# Measurements of 705 uncoupler?



## ChopperCharles (Jan 3, 2012)

Can someone measure the 705 uncoupler and give me the dimensions? My 706 is just a little bit too long to fit, and cutting it down would go through the rivets, which just won't work. 

Charles.


----------



## Rich_Trains (May 23, 2010)

Never tried this with MS Paint before.
Rich


----------



## ChopperCharles (Jan 3, 2012)

Thanks. It's the same dimension as the regular trackless uncoupler, which is slightly too wide. Do you know the part number for the plastic switch? It's actually longer, but being plastic I can cut the end of it off. I've done one this way with great results, I just need another.

Charles.


----------



## Rich_Trains (May 23, 2010)

Charles,
By switch do you mean turnouts? 720 remote, 722 manual before 1951. 720A for remote turnouts, 722A for manual turnouts, 1951 and later. I may be off by one year.
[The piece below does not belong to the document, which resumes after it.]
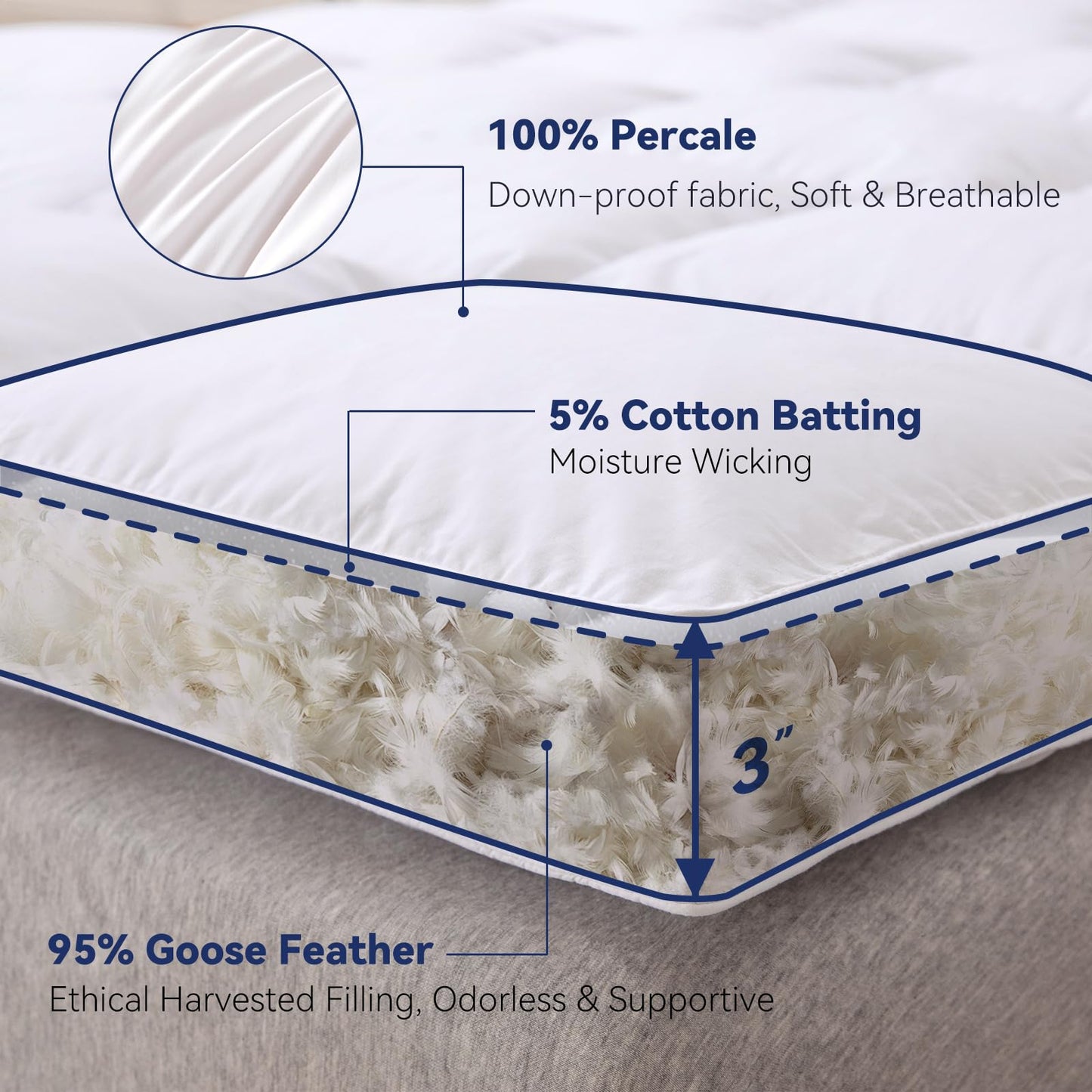 LeWinBedding 3 Inch White Goose Feather Mattress Topper,Full Feather Bed Topper,Mattress Cover with Straps,Ultra Soft Pillowtop,100% Cotton Fabric(54”x75”)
This site with catalogs online is a great resource for identifying model numbers.
Rich

http://www.myflyertrains.org/AF_Catalogs/Gilbert%20Catalogs.htm


----------



## ChopperCharles (Jan 3, 2012)

No, sorry not of a switch, I need the part number of this uncoupler:










This one appears to be similar, but not the same. I'm not sure whether it's a manual uncoupler with a bunch of wires around it, or if it's a remote uncoupler that also has a lever (which is what the eBay seller insists it is). The part number he listed is 413578, but that doesn't look right at all.










Charles.


----------



## Rich_Trains (May 23, 2010)

Charles,
Both of those are new to me. I will have to do more checking.
Rich


----------



## Rich_Trains (May 23, 2010)

Hi Charles,
Wanted to get back to you. I have not been able to get any info on either of the uncouplers. Did you bid on them?

I'll keep trying I have a few more old timers I can ask.
Rich


----------



## ChopperCharles (Jan 3, 2012)

Yeah, I bid and one another one, hopefully will get here soon!

Charles.


----------